A range of questions were put to the group including upcoming trends in lighting, the implications of external lighting on the surrounding environment and the night sky, the challenges associated with balancing creative design with compliance to standards and guidelines and the proposed launch of an artificial moon into orbit over China’s Chengdu province by 2020.

The conversation opened with Lesa outlining some of the effects that light pollution has on our night skies and the challenges faced by astronomers when gazing at the stars above. Lesa explained how light spill from artificial lighting installations can impact on the visibility of the night sky even at significant distances from densely lit urban areas.

Lesa explained how areas such as Warrumbungle national park – Australia’s internationally recognised dark sky park – can be impacted by lighting as far as 500km away in Sydney. She also discussed how controlling the spill of light can help us to minimise the impacts of undesirable light pollution.

From here, the discussion then moved onto the carefully consideration of lighting design practices in our external environments. Ashleigh provided an account of her vast design experience in the external environment.

Ashleigh challenged some of the standard lighting practices of achieving bright, uniformly lit spaces outside. Instead she suggested we should opt to purposefully create contrast and embrace the darkness when it is suitable. She also discussed the importance of community involvement in the design process being of great importance to the utilisation and care of our external spaces.

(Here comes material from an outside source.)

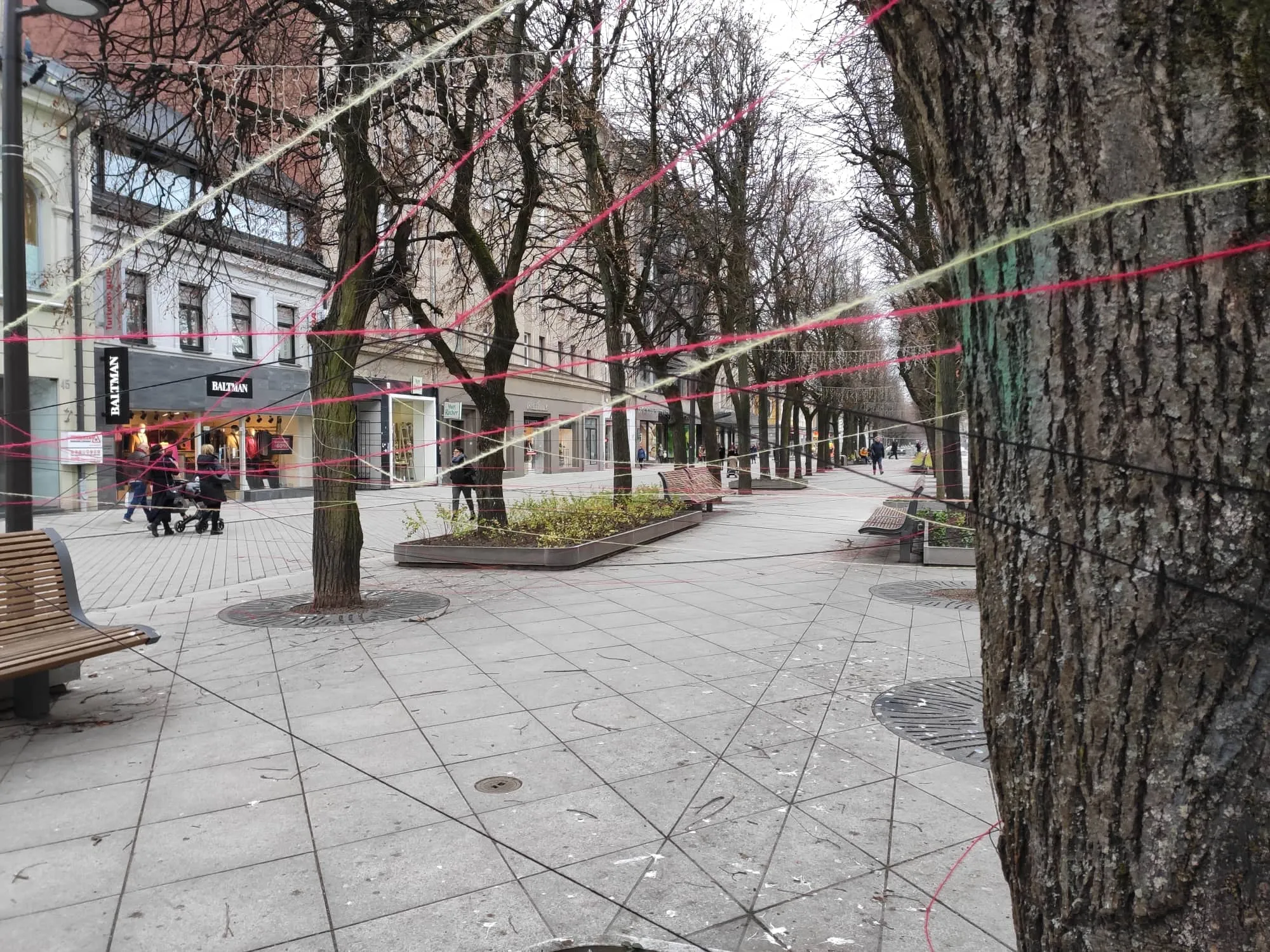 Siūlais apraizgyta Laisvės alėja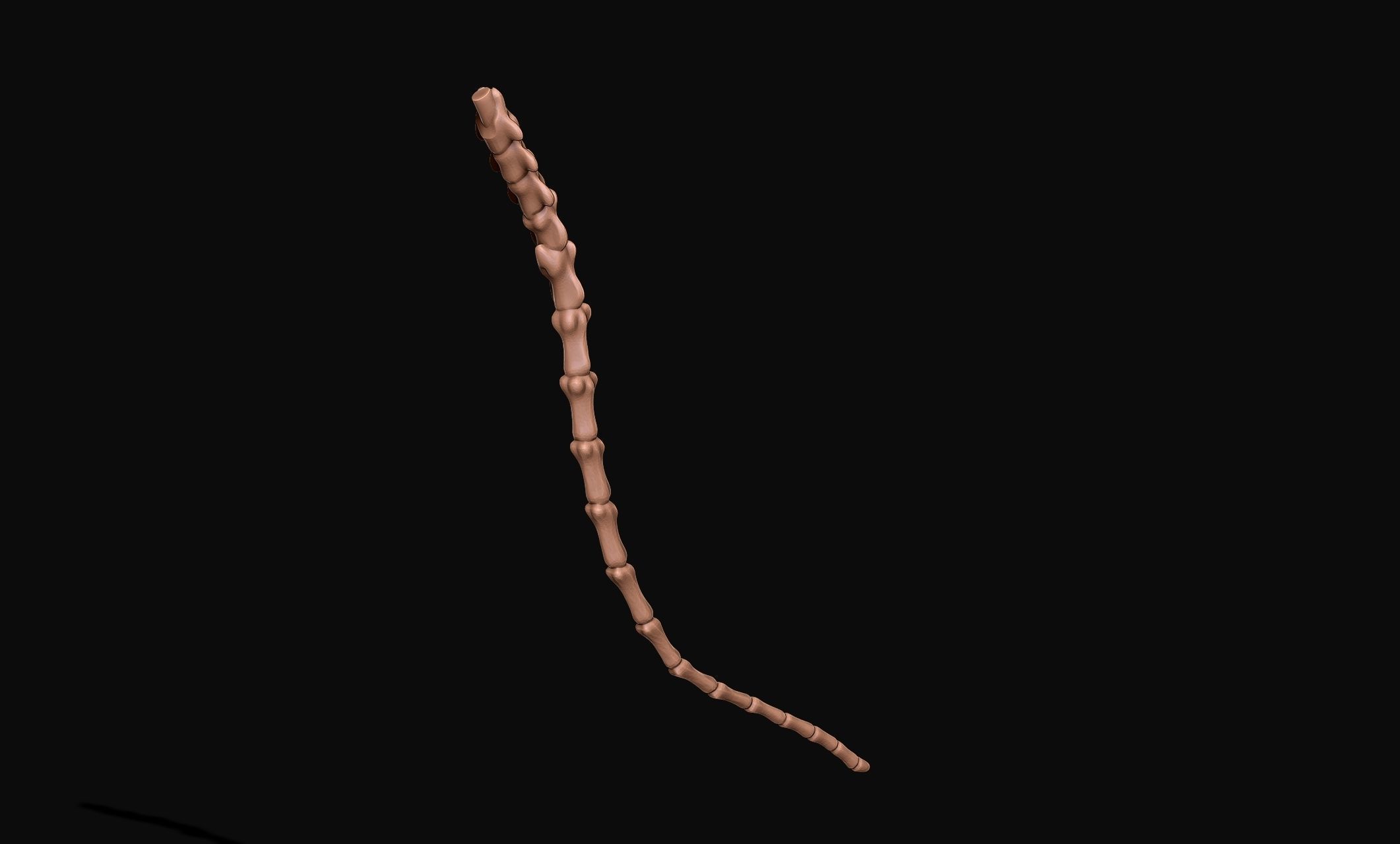 Great Dane Skelleton DYS KIT  3D print model_13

With his extensive experience in the architecture, Michael was able to provide a unique insight into the role light plays in setting the scene of a space. He talked about how light can be used to inform a space and provide valuable cues to those who use it, from wayfinding through to how we perceive spaces differently with different lighting techniques.

Michael also touched on the importance of post-project support and the education of end users in managing and getting the most of their lighting control systems.

Lawrence elaborated on some of the sustainability initiatives that we see in our built environment in terms of lighting control systems and LED lighting technologies. He highlighted how as engineers and designers we have the opportunity to provide added value to our clients with education and more detailed handover of building management systems.

Lawrence also discussed how we can use standards and guidelines in a way such that they inform our design process rather than consider them as design constraints.

Wendy discussed the emergency of new lighting technologies and how things are shaping up in the world of LED technology. She discussed the limitations of retrofit solutions and how that limits the effectiveness of optical technologies. She also encouraged lighting designers to step out of the traditional moulds of lighting design and start using things such as colour, and greater degrees of optical control to create more novel solutions to our lighting problems.

The final point of discussion was around the artificial moons proposed to be launched into orbit to provide night lighting to the Chengdu province in China. Lesa detailed some of the logistical challenges of aiming and controlling reflected light from something in a high earth orbit over a small city.

Ashleigh discussed some of the cascading effects that this would have on existing lighting installations and the greater impacts on the wellbeing of the people and the environment.

The night was a great opportunity to get a varied perspective on some of the challenges we face when considering artificial lighting in our built environment. The guests provided the audience with a number of important points to consider when approaching their next lighting design.

JHA would like to thank NEC for kindly lending us the 4K E series displays for the evening. Also a special mention to Anu Anna George, JHA Specialist Lighting Designer for organising the IES event.